Con riguardo alla suddetta categoria di lavoratori la legge di conversione del d.l. n. 216/2011 ha previsto innanzitutto lo slittamento al 30 giugno 2012 del termine per l’emanazione del decreto con il quale dovranno essere definite le modalità di richiesta di applicazione delle norme previgenti alla riforma pensionistica contenuta nella legge n. 214/2011. Ampliando in ogni caso la platea dei destinatari, la norma introdotta dalla legge di conversione del d.l. 216 ha poi esteso il beneficio della “immunità” dai nuovi requisititi pensionistici – oltre ai lavoratori individuati dal decreto salva-Italia (art. 22, comma 14, d.l. n. 201/11, convertito dalla l. n. 214/2011) – anche ai lavoratori che abbiano risolto il rapporto di lavoro entro il 31 dicembre 2011, o in base ad accordi collettivi ovvero anche in base ad accordi individuali, a patto che la data di cessazione del rapporto di lavoro risulti da elementi certi e oggettivi (comunicazioni obbligatorie agli ispettorati del lavoro o ad altri soggetti equipollenti) e “il lavoratore risulti in possesso dei requisiti anagrafici e contributivi che, in base alla previgente disciplina pensionistica, avrebbero comportato la decorrenza del trattamento medesimo entro un periodo non superiore a ventiquattro mesi dalla data di entrata in vigore del citato decreto-legge n. 201 del 2011” (art. 6, comma 2 ter, d.l. n. 216/2011, introdotto dalla legge di conversione).
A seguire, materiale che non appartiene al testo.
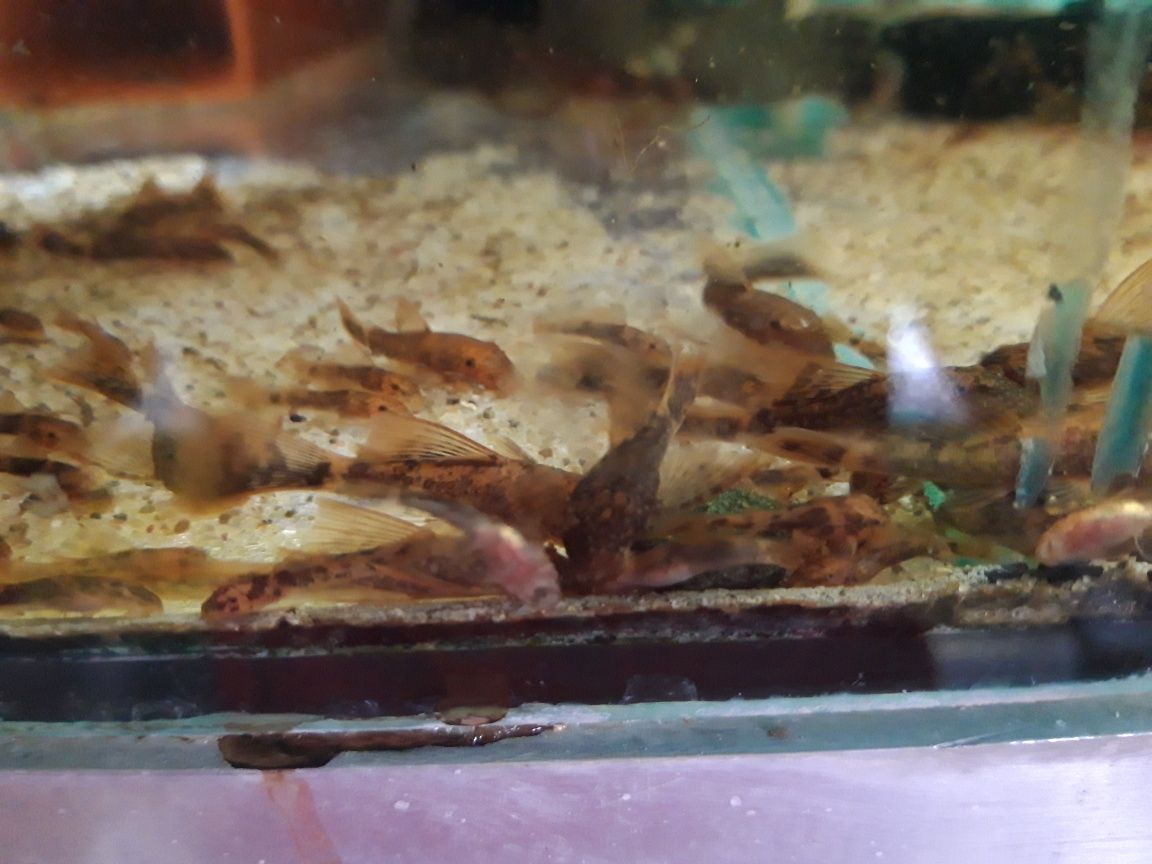 Ancistrus calico caliko lda16 welonowe zbrojnik glonojad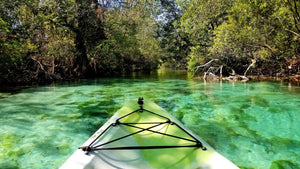 Top 5 Kayaking Essentials You Should Never Hit the Water Without
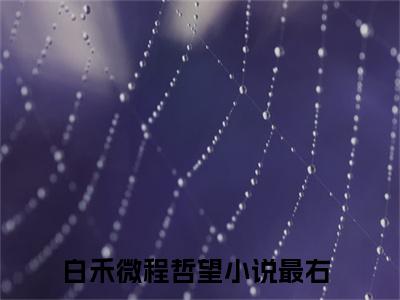 白禾微程哲望（白禾微程哲望）全文免费阅读_白禾微程哲望最新章节列表_笔趣阁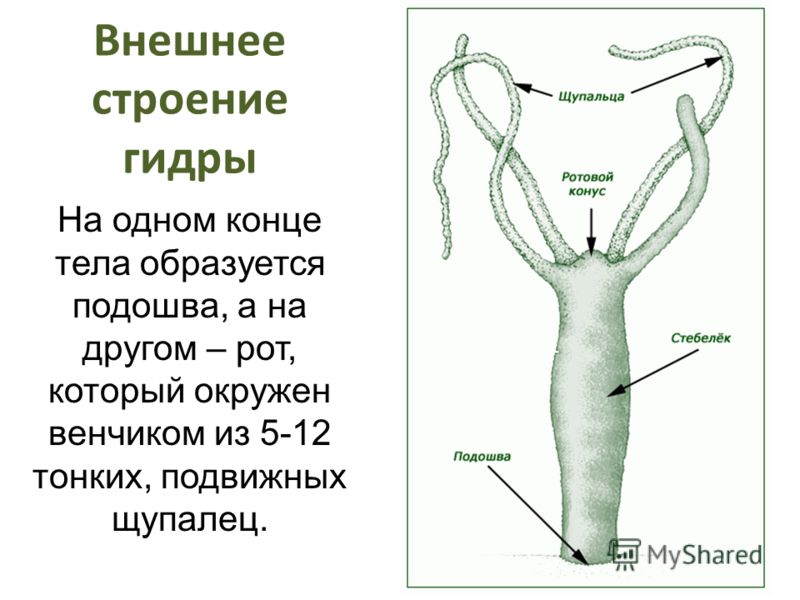 Схема внешнего строения гидры фото 155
In merito all’ultimo requisito va considerato che la norma parla di decorrenza del trattamento e non di maturazione del diritto, per cui, siccome vige il sistema delle finestre per avere diritto alla pensione, il periodo di 24 mesi in sostanza risulta più breve, in misura diversa a seconda dei casi. Va inoltre sul punto rimarcata una differenza rispetto a quanto previsto dal decreto salva-Italia in relazione ai lavoratori collocati in mobilità, anche lunga, “sulla base di accordi sindacali stipulati anteriormente al 4 dicembre 2011” (art. 24, comma 14, lett. a) e b) del d.l. n. 201/2011). In quel caso invero gli effetti con riguardo alla cessazione del rapporto di lavoro possono pertanto anche essere dilazionati nel tempo, nei termini fissati dagli stessi accordi collettivi. Invece, la seconda ipotesi introdotta dalla legge di conversione ha confini temporali certi, dati dalla data del 31 dicembre, entro al quale “il rapporto di lavoro si sia risolto”. E infatti viene previsto un meccanismo di necessaria certificazione di tale data.
Resta da aggiungere che in relazione a tale ultimo caso restano fuori dalla deroga i lavoratori coinvolti in procedure di licenziamento individuale e collettivo avvenuti in assenza di accordi, nonché i lavoratori per i quali è iniziata, ma non si è conclusa, la procedura di licenziamento.